— Information —
———

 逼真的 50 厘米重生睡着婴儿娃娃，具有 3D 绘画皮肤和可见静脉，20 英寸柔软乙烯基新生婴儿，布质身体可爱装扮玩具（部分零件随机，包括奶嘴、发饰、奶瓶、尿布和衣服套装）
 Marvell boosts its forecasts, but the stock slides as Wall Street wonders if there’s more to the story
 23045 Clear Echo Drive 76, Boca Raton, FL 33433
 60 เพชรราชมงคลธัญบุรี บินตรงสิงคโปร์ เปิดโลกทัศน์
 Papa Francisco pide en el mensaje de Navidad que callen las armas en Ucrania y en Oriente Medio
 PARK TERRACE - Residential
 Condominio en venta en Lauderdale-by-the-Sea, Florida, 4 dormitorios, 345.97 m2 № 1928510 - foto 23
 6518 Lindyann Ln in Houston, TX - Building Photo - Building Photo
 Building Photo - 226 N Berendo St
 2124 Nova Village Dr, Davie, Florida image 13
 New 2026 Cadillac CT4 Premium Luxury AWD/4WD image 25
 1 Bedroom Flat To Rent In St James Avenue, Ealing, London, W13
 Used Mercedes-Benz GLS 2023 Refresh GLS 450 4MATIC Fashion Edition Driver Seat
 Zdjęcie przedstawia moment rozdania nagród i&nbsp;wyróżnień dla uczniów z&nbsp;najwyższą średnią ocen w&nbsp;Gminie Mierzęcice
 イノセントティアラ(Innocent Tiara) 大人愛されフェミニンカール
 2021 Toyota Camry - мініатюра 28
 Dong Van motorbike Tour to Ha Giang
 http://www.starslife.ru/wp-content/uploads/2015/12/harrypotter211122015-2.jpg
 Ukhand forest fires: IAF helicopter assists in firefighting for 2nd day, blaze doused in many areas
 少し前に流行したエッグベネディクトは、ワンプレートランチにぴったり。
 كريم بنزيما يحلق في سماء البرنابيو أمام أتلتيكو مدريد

———

— Task to complete —
How many lines in the records above contain the word "Building"? Give only the number.

— Solution for this task —
2